- Opening Delimiter -

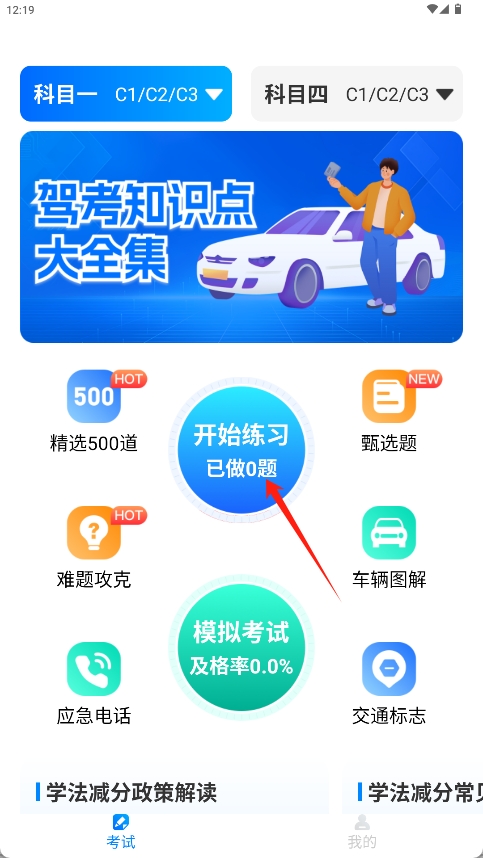 驾考题库学车app下载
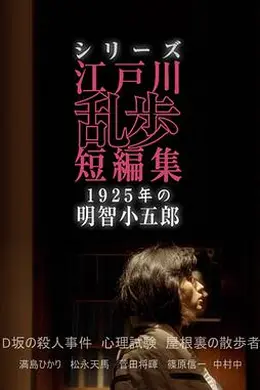 江户川乱步短篇集：1925年的明智小五郎封面图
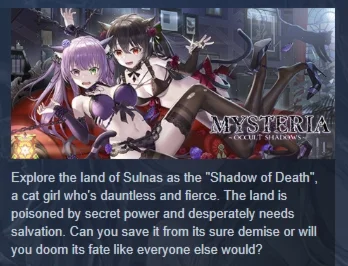 Mysteria~Occult Shadows~ АВТОДОСТАВКА STEAM РОССИЯ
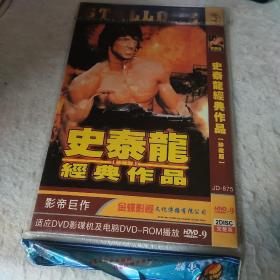 DVD 史泰龙经典作品（2碟装） 全新未拆封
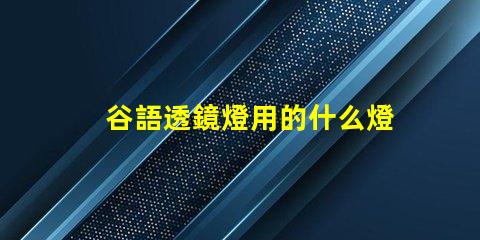 谷語透鏡燈用的什么燈珠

- Closing Delimiter -

**Instructions to follow**
Beginning with the line that holds "江户川乱步短篇集：1925年的明智小五郎封面图", extract every line to the end of the material, exactly as it stands, and drop the pictures.

**Task result**
 江户川乱步短篇集：1925年的明智小五郎封面图
 Mysteria~Occult Shadows~ АВТОДОСТАВКА STEAM РОССИЯ
 DVD 史泰龙经典作品（2碟装） 全新未拆封
 谷語透鏡燈用的什么燈珠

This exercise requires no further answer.